In this letter, my goal is to address these two points. In truth, I find it unfortunate that there is even a need to discuss this matter with Christians who, “ought to be teachers, you need someone to teach you the elementary truths of God’s word all over again.” (Heb. 5:12) We, who seek to demonstrate the complete work of Christ for salvation and the grace of God, speak as if we do not understand it ourselves. And that’s what this is- a matter of understanding grace. We are being “tossed back and forth by the waves, and blown here and there by every wind of teaching and by the cunning and craftiness of people in their deceitful scheming.” (Eph. 4:14) It is Satan’s trap, and his desire to get us so caught up in useless and pointless theology that we miss the point- the souls of men and their need for a Savior. My brothers and sisters, we cannot allow this to happen.
It is thought by some that Christmas (along with Valentine’s Day and others) is sinful to observe based on the historical nature of the holiday. It is said that the origins trace back to Roman times where the sun was worshipped, and that the false apostate church adopted and “Christianized” it. Therefore, many of our traditions (the exchanging of gifts, wreaths, and even the decorated tree) are found to be pagan in nature. And by observing these holidays, we are said to be in violation of God’s word that says: “They worship me in vain; their teachings are merely human rules.’ You have let go of the commands of God and are holding on to human traditions.” (Mark 7:7-8) And Paul, it would seem, chimed in agreement in Galatians 4:10-11: “You are observing special days and months and seasons and years! I fear for you, that somehow I have wasted my efforts on you.” To begin, I’d like to shed some light on these verses, and then share with you some other thoughts.
First, let us talk about Paul’s words in Galatians. What was he referring to? Some have said that, since these were Roman citizens he was talking to, them he must have been talking about the old pagan customs that they came out of. Not so! It’s easy to determine, once taking the entire scope of the book of Galatians into account, that Paul was writing about the Jewish Christians who were attempting to impose the Law of Moses onto these Gentile believers. That’s why he goes onto mention in Gal. 5:2-4, “Mark my words! I, Paul, tell you that if you let yourselves be circumcised, Christ will be of no value to you at all. Again I declare to every man who lets himself be circumcised that he is obligated to obey the whole law. You who are trying to be justified by the law have been alienated from Christ; you have fallen away from grace.” This is a stark warning to those who believe that the blood of Christ is not enough for salvation- because we have been “saved by grace through faith… not of works, so that no one can boast.” (Eph. 2:8-9)

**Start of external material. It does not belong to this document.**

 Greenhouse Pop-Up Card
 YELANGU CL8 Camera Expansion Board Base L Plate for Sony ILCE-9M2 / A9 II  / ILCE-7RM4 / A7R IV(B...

Now, in regards to Mark 7, we must not simply pull out verses while ignoring the full context of the passage. If we read the entire story, we see that Jesus is pointing to the “heart” of the matter instead of merely pointing out traditions. What Jesus says in vv. 7-8 is in harmony with Mat. 5-7, where Jesus brings clarity to the laws that the Pharisees had long sought to distort and add to in order to justify their sinful lifestyles. Not only that, but in verse 13 Jesus notes that the problem with their additions to the law was that they “nullified” God’s law.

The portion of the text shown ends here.